(DATASET RECORDS begins)

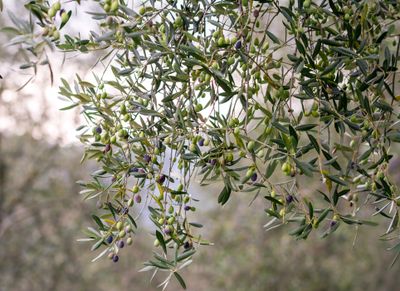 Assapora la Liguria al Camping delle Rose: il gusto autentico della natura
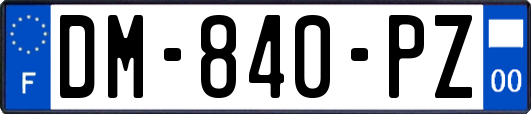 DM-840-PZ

(DATASET RECORDS ends)
(DATASET RECORDS begins)

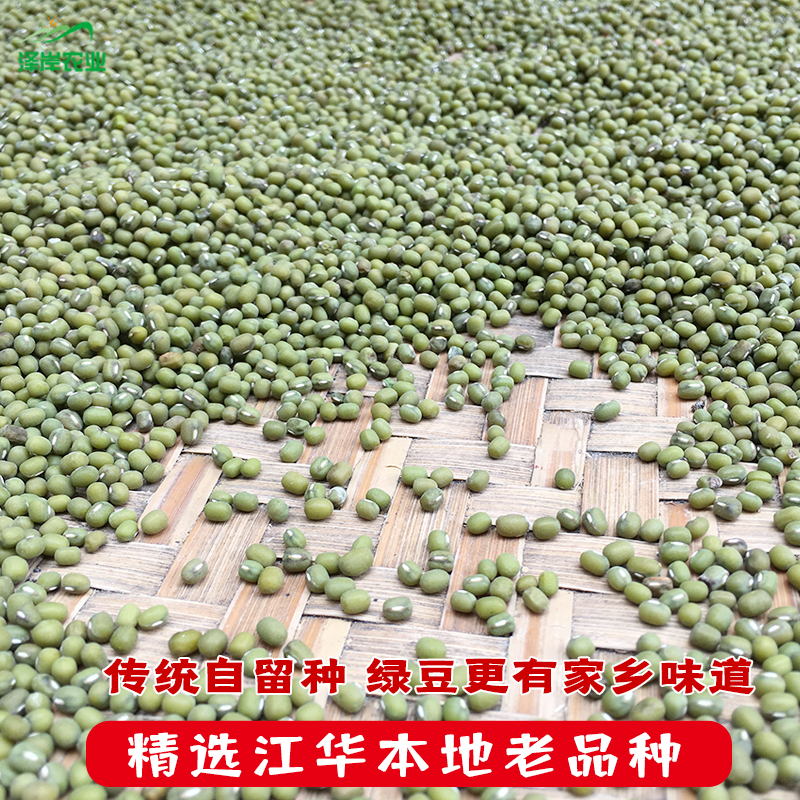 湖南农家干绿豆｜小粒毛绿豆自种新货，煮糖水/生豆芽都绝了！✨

(DATASET RECORDS ends)
(DATASET RECORDS begins)

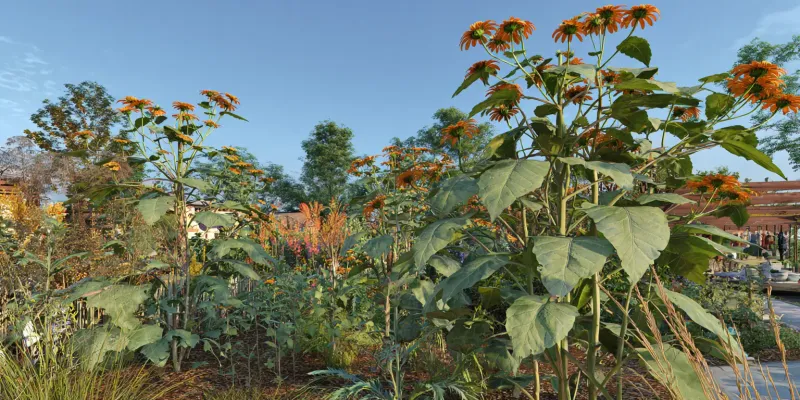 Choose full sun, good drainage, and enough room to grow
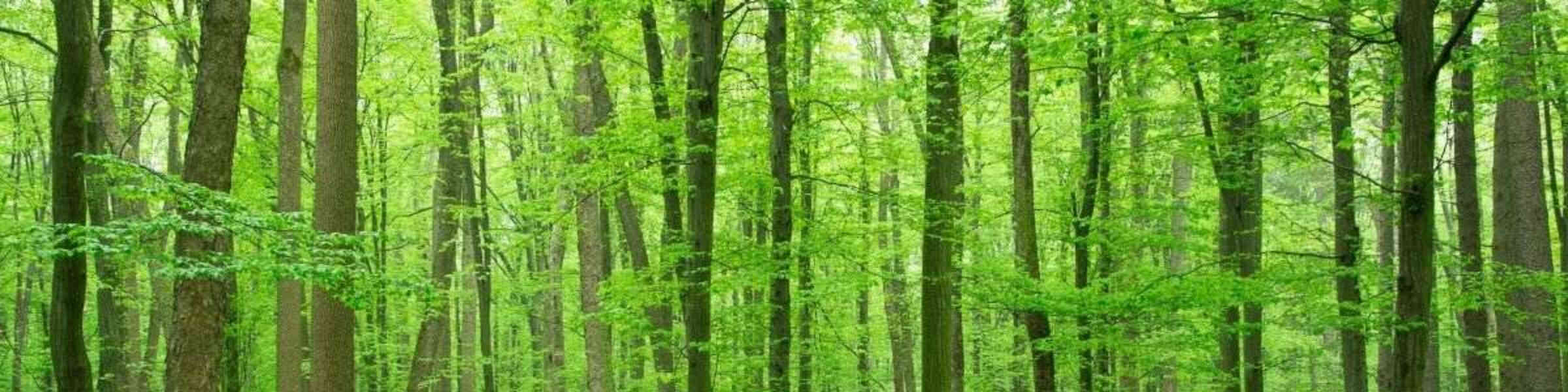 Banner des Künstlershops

(DATASET RECORDS ends)

WORK TO COMPLETE — In the entries above, find the line with "Choose full sun, good" and the line with "Banner des Künstlershops". Return exactly those lines and all the ones between them, pictures excluded.

EXERCISE SOLUTION —
 Choose full sun, good drainage, and enough room to grow
 Banner des Künstlershops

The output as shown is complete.